We are not here concerned with the wisdom or propriety of Sec. 6, Rev.Rul. 65-92. Our question is whether the Commissioner abused his discretion in determining that the additions claimed by the taxpayer were not reasonable. The taxpayer says that the Commissioner's interpretation of Rev.Rul. 65-92 flies directly in the facet of Treasury Regulation Sec. 1.166-4(b) which says:


"What constitutes a reasonable addition to a reserve for bad debts shall be determined in the light of the facts existing at the close of the taxable year of the proposed addition. The reasonableness of the addition will vary as between classes of business and with conditions of business prosperity. It will depend primarily upon the total amount of debts outstanding as of the close of the taxable year, including those arising currently as well as those arising in prior taxable years, and the total amount of the existing reserve."


This listing of factors to be considered in determining reasonableness is helpful but not determinative of the validity of the Commissioner's action. The taxpayer is entitled under the statute to a reserve for bad debts and may make reasonable additions thereto. Rev.Rul. 65-92 permits a reserve of 2.4% of the net outstanding loans. During the years in question the percentage of the taxpayer's bad debt reserve to net loans outstanding varied from 2.9% to 3.0%, thus exceeding the 2.4% prescribed by Rev.Rul. 65-92. We find nothing in the record to establish that the taxpayer needed a greater reserve. It may be that in the future the Treas. Reg. 1.166-4(b) factors will justify a higher reserve but we are concerned with the record presented, not with speculations over the future.

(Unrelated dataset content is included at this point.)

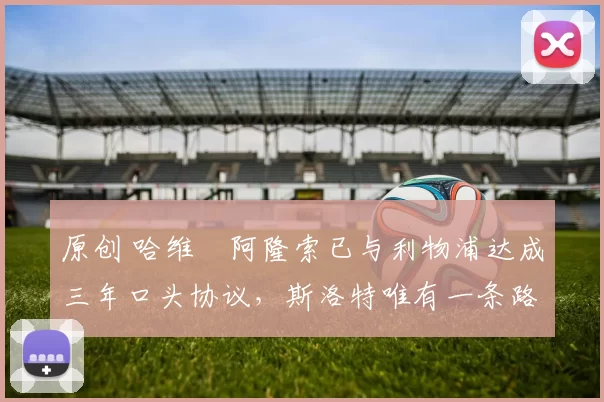 原创 哈维・阿隆索已与利物浦达成三年口头协议，斯洛特唯有一条路可 “翻盘”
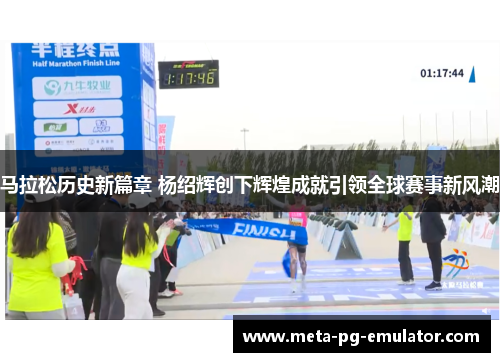 马拉松历史新篇章 杨绍辉创下辉煌成就引领全球赛事新风潮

We take Sec. 6, Rev.Rul. 65-92, as advisory only. The issue is whether, in using the formula which it recognizes, the Commissioner wrongfully held that the additions to the reserve were unreasonable and so abused his discretion. See Patterson v. Pizitz, Inc., 5 Cir., 353 F.2d 267, 268-269, cert. denied 383 U.S. 910, 86 S.Ct. 895, 15 L.Ed.2d 666; Krim-Ko Corp., 16 T.C. 31, 37. On the record presented we find no abuse of discretion. If future developments result in an inadequacy of the uniform reserve provisions of Secs. 3, 4, 5, and 6, Rev.Rul. 65-92, to provide the reasonable addition to a reserve for bad debts permitted by Sec. 166(c) of the 1954 Code, the taxpayer has the alternative of using the probable experience method outlined in Sec. 7, Rev.Rul. 65-92.